How has the European Union promoted trade? ›

The EU has always been about promoting trade: not only by removing barriers to trade between EU countries, but also by encouraging other countries to trade with the EU.

What is Europe's biggest export? ›

Total Trade

The most recent exports are led by Cars ($361B), Packaged Medicaments ($288B), Refined Petroleum ($251B), Vaccines, blood, antisera, toxins and cultures ($203B), and Motor vehicles; parts and accessories (8701 to 8705) ($179B).

What is the position of the EU in the world trade? ›

EU Position in World Trade

Although growth is projected to be slow, the EU remains the largest economy in the world with a GDP per head of €25 000 for its 500 million consumers. The EU is the world's largest trading block. The EU is the world's largest trader of manufactured goods and services.

How much of world trade does the EU have? ›

Annual share of world goods imports and exports of the European Union from 2002 to 2023
CharacteristicShare of world importsShare of world exports
202314.2%14.8%
202215.3%13.7%
202113.9%14.7%
202013.8%16%
9 more rows
Apr 24, 2024

Why does Germany have such a large trade surplus? ›

In addition, two factors have exerted a strong influence on Germany's export surplus: first, the relatively weak euro, which favours exports; second, the decline in commodity prices, which makes imports cheaper for Germany.
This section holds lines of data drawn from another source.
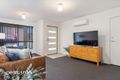 Property photo of 1/1 Sams Court Howrah TAS 7018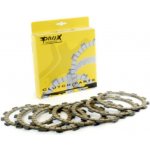 Prox YAMAHA YZ 125 | Zboží Auto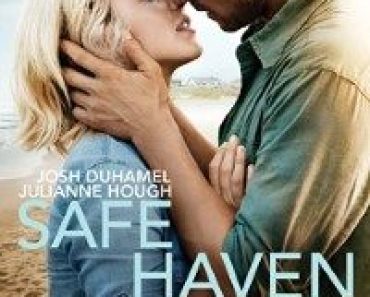 Download Safe Haven (2013) {English With Subtitles} 480p [350MB] || 720p [750MB]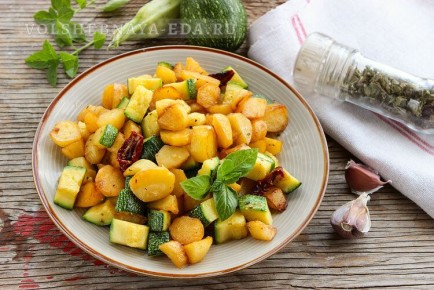 ������� ��������� � ������: ��������� ��������� ��� ������ �����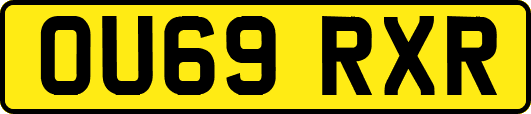 OU69RXR
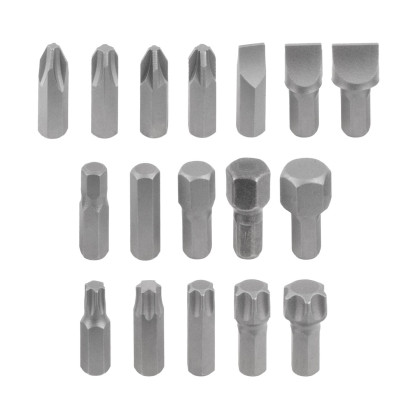 Sada ručního nářadí Procraft | WS108/72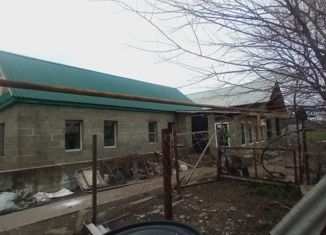 Продажа земельного участка, 30 сот., хутор Игнатьевский, улица Ленина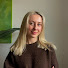 wpSVyHucmtU-channel-avatar-achtsam leben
Who has the biggest export trade surplus? ›

  • China, P.R.: Mainland. 3,368.22.
  • United States. 1,757.82.
  • Germany. 1,636.50.
  • Netherlands, The. 838.49.
  • Japan. 756.17.
Apr 26, 2024

Which European country benefited the most from trade? ›

The Netherlands in the top of countries with the largest trade benefits due to the European Union. The Dutch gross domestic product (GDP) is structurally 3.1% higher due to the trade benefits of the European Union.

Is the EU the world's largest economy? ›

The economy of the European Union is the joint economy of the member states of the European Union (EU). It is the second largest economy in the world in nominal terms, after the United States, and the third largest at purchasing power parity (PPP), after China and the US.
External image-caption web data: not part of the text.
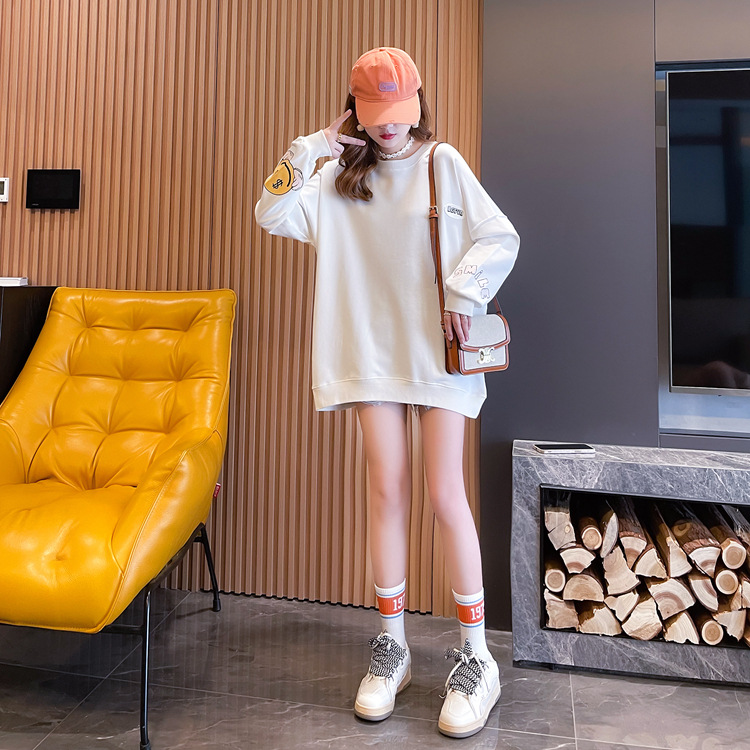 4_O1CN01HJKPr82BWyf9bTLRa_!!68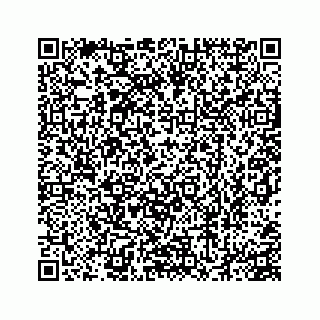 vCard 78555496379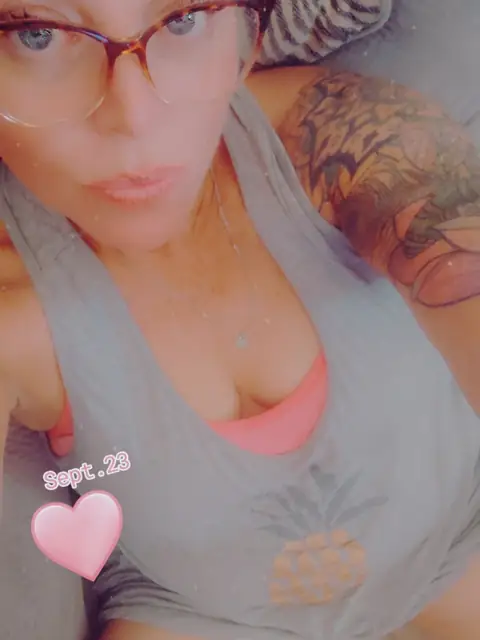 Pixijax OnlyFans profile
Which European countries trade the most? ›

Germany: Europe's largest exporter of goods

In 2021, it was still the EU's leading exporter, accounting for 20.1% of all European exports.

Who is the biggest trade partner of the EU? ›

China is the most important trading partner of the European Union: In 2021, the EU and China traded goods worth € 696 bn (imports and exports). This represents 16% of all EU trade in goods.
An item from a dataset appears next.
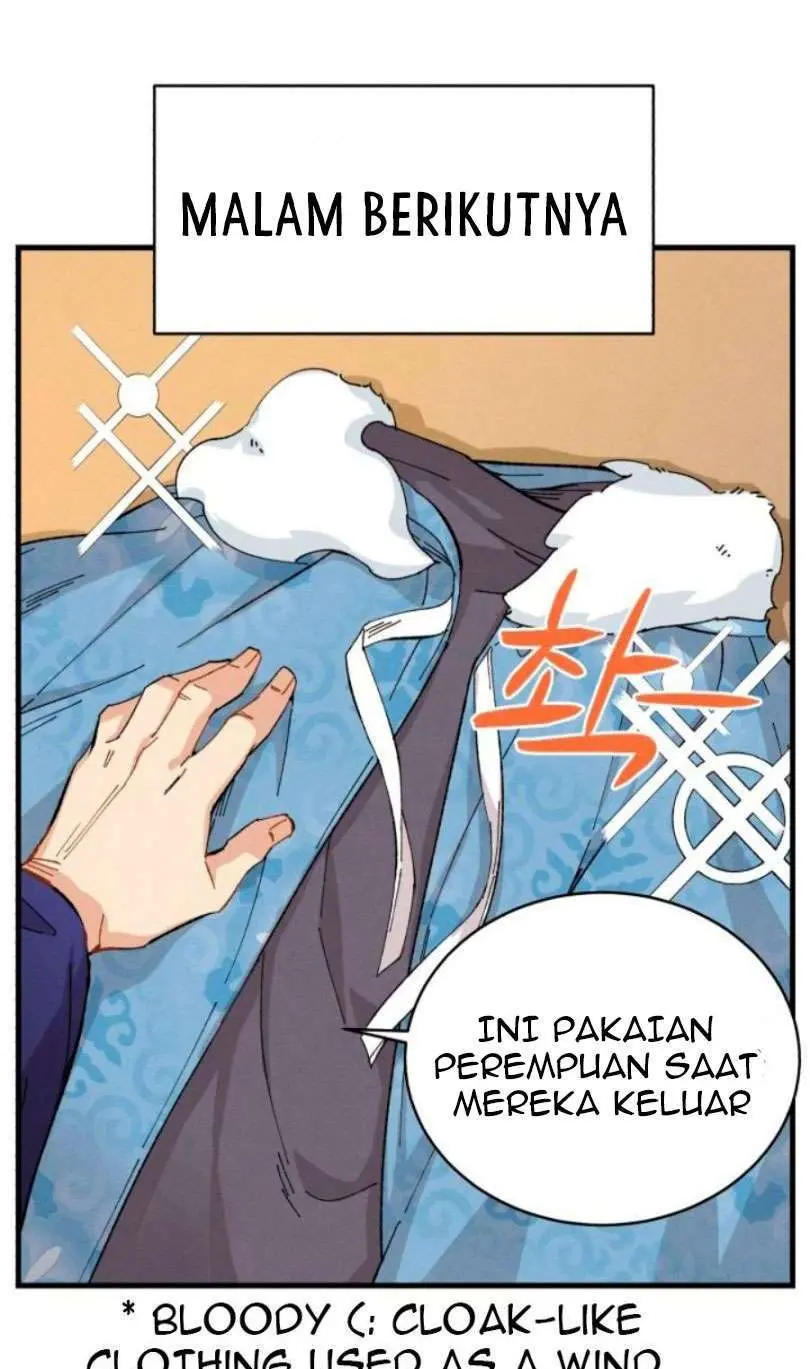 Halaman 33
Who is the largest trade partner of the EU? ›

In total trade, China overtook the United States in 2020 and became the EU's largest trade in goods partner. However, in 2022 the United States retook the first position.

What are the pros and cons of the EU? ›

The pros and cons of EU expansion
  • Pro: strengthens defences.
  • Con: drawn-out process.
  • Pro: economic growth.
  • Con: members unrest.
  • Pro: speed up decisions.
  • Con: constitutional issues.
Sep 20, 2023

What is trade surplus in international trade? ›

A trade surplus is an economic measure of a positive balance of trade, where a country's exports exceed its imports.

What is the euro area foreign demand? ›

Euro area foreign demand is estimated to have increased by just 0.6% in 2023, a slightly weaker pace than foreseen in the previous projections. Foreign demand is expected to recover, but more gradually than foreseen in the December 2023 projections.

What is the Euro area economy? ›

Within the euro area, economic policy remains largely the responsibility of the Member States, but national governments must coordinate their respective economic policies in order to attain the common objectives of stability, growth and employment.

Why Germany's trade surplus is bad for the eurozone? ›

There are two routes through which Germany's external surplus compounds deflationary pressures in the eurozone, making it harder for the periphery to recover. The first is by pushing up the value of the euro. Before the crisis, Germany's trade surplus was offset by the deficits of the other member-states.